> **ASSIGNED TASK**: Reproduce every line of the material below exactly. No pictures belong in the copy.

> **PROVIDED MATERIAL**:
Content starts
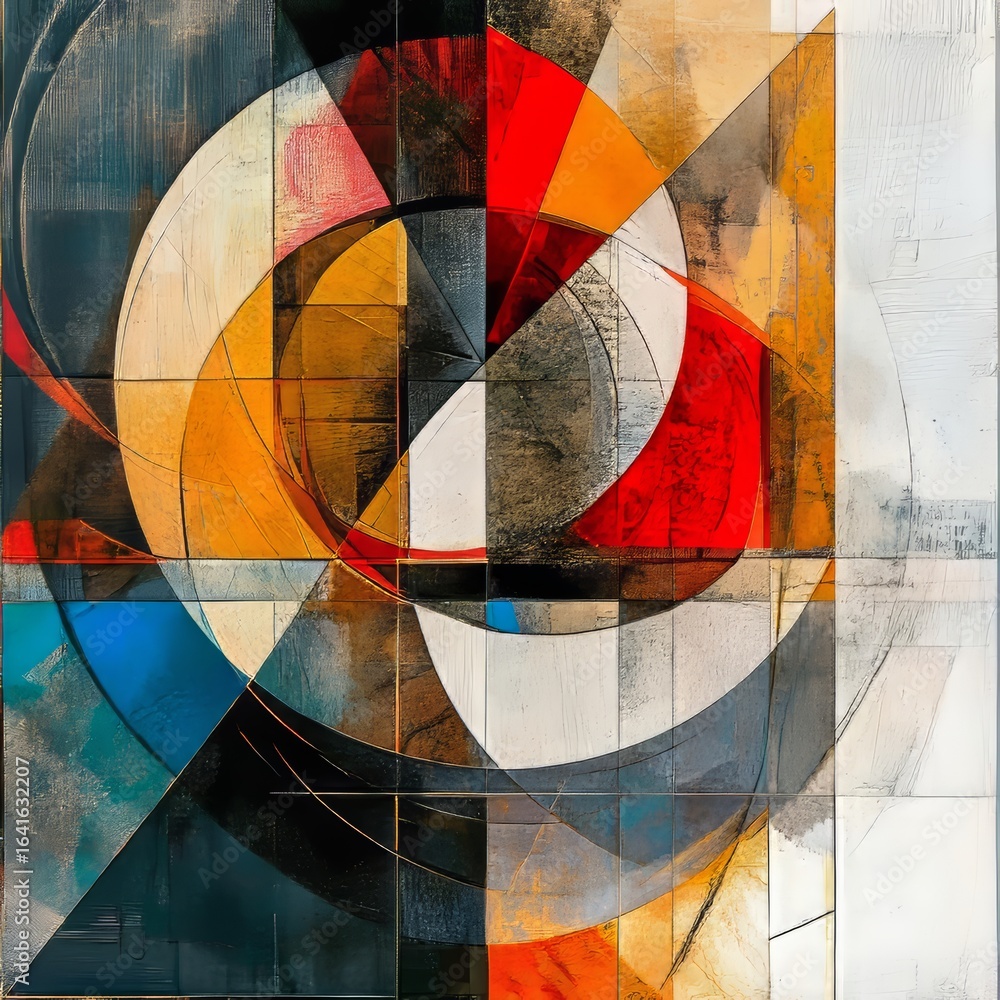 Fototapeta premium Shifting Geometry IV Abstract geometric shapes that continuously evolve and transform modern and dynamic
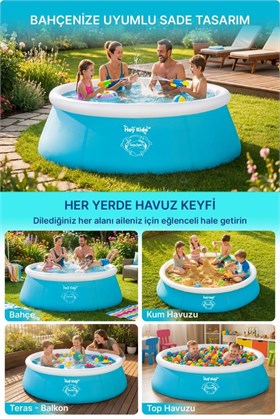 Heykida Swim Safe Hızlı Kurulum Havuzu 183x51cm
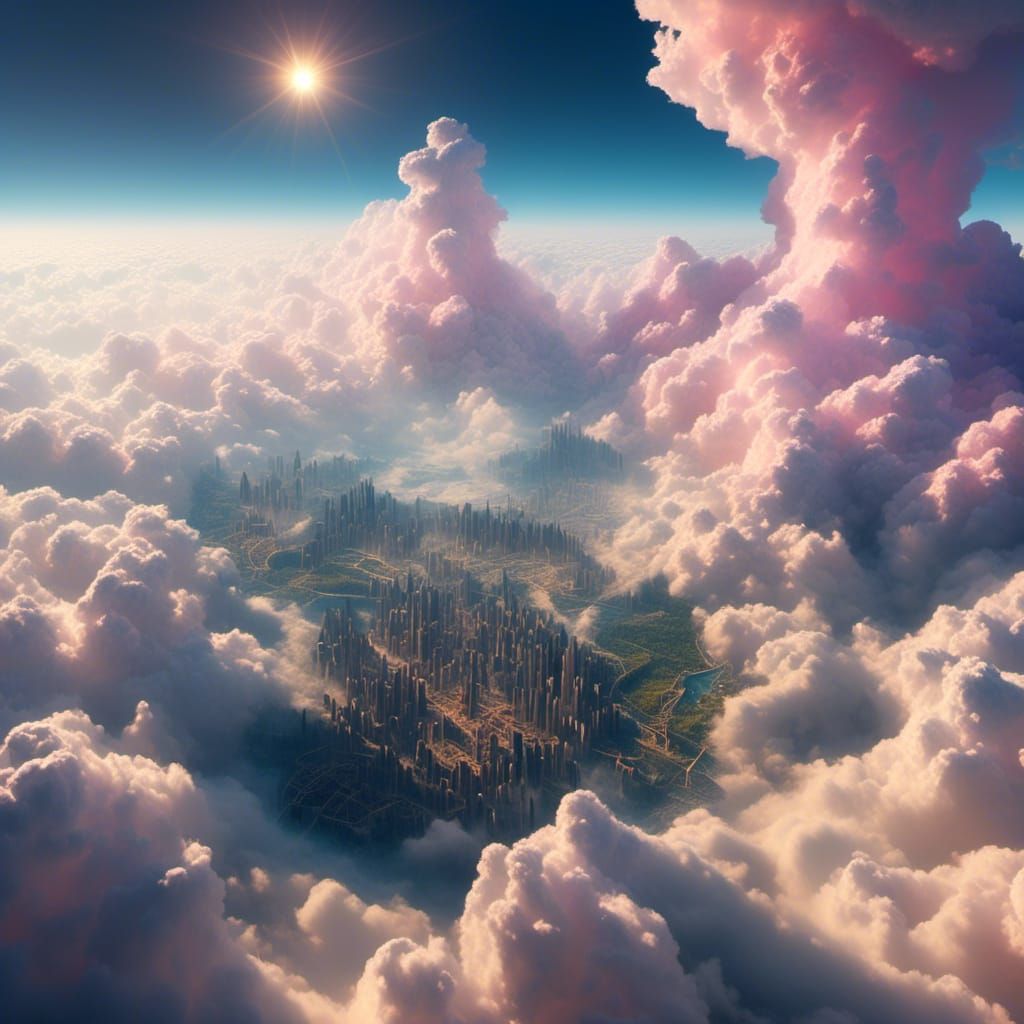 Surreal Mountain Cities in the Clouds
Content ends
> **WRITTEN SOLUTION**:
 Fototapeta premium Shifting Geometry IV Abstract geometric shapes that continuously evolve and transform modern and dynamic
 Heykida Swim Safe Hızlı Kurulum Havuzu 183x51cm
 Surreal Mountain Cities in the Clouds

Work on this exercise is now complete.